→ Description of the task: Reproduce, exactly and in full, only the lines below from the one containing "Econo Lodge Inn & Suites Norton Kültér fotó" through the one containing "16 Bed Commercial".
---------- Material supplied ----------
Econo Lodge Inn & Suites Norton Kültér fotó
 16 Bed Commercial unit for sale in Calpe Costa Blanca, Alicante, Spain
----------
---------- Material supplied ----------
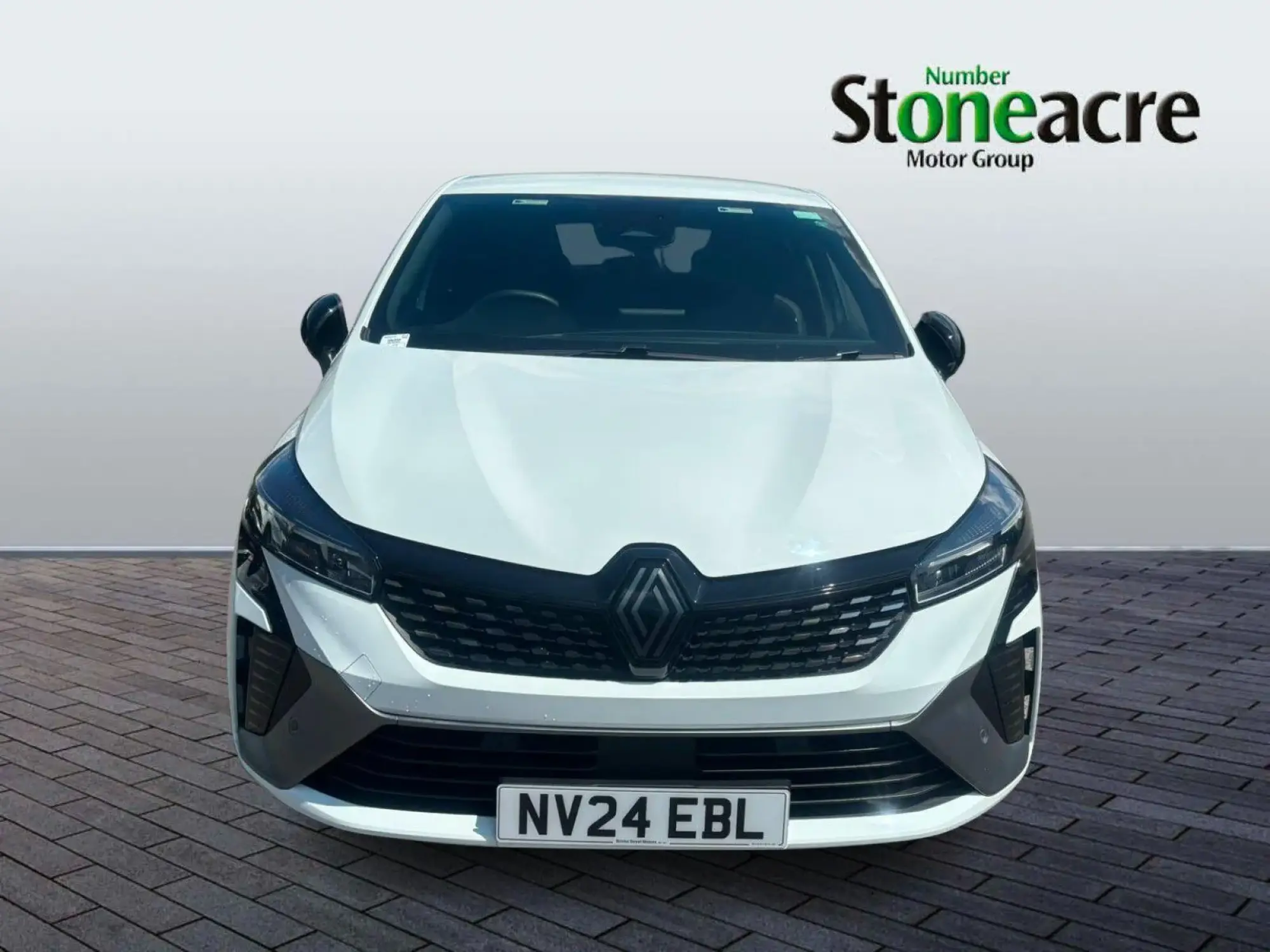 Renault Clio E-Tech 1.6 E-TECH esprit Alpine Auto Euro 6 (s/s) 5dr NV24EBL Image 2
----------
---------- Material supplied ----------
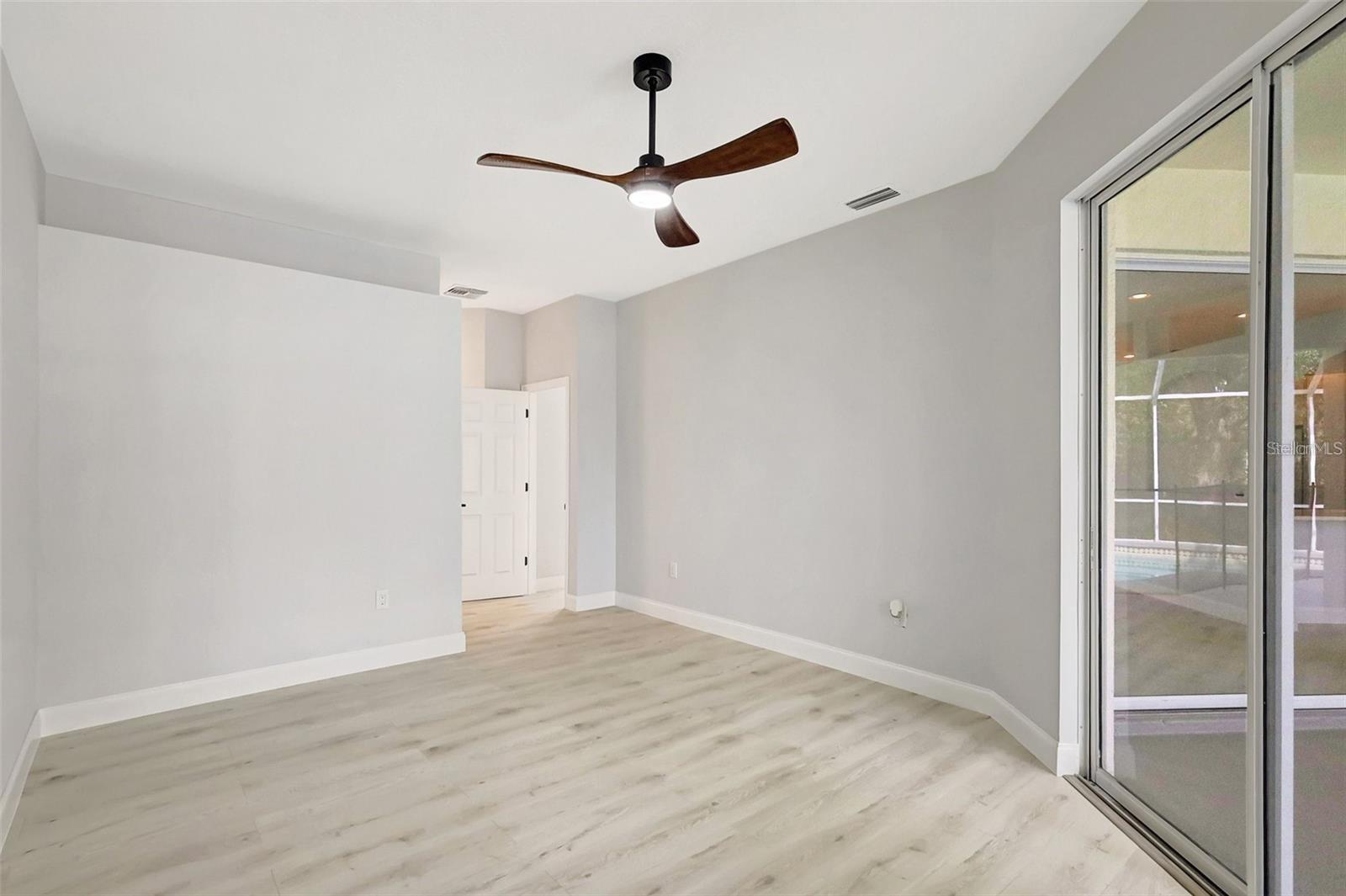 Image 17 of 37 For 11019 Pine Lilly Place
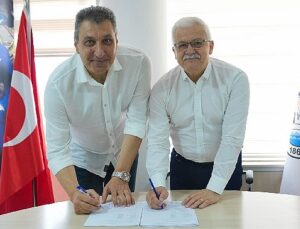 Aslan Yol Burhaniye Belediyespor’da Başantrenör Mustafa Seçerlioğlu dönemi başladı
----------
→ Response:
Econo Lodge Inn & Suites Norton Kültér fotó
 16 Bed Commercial unit for sale in Calpe Costa Blanca, Alicante, Spain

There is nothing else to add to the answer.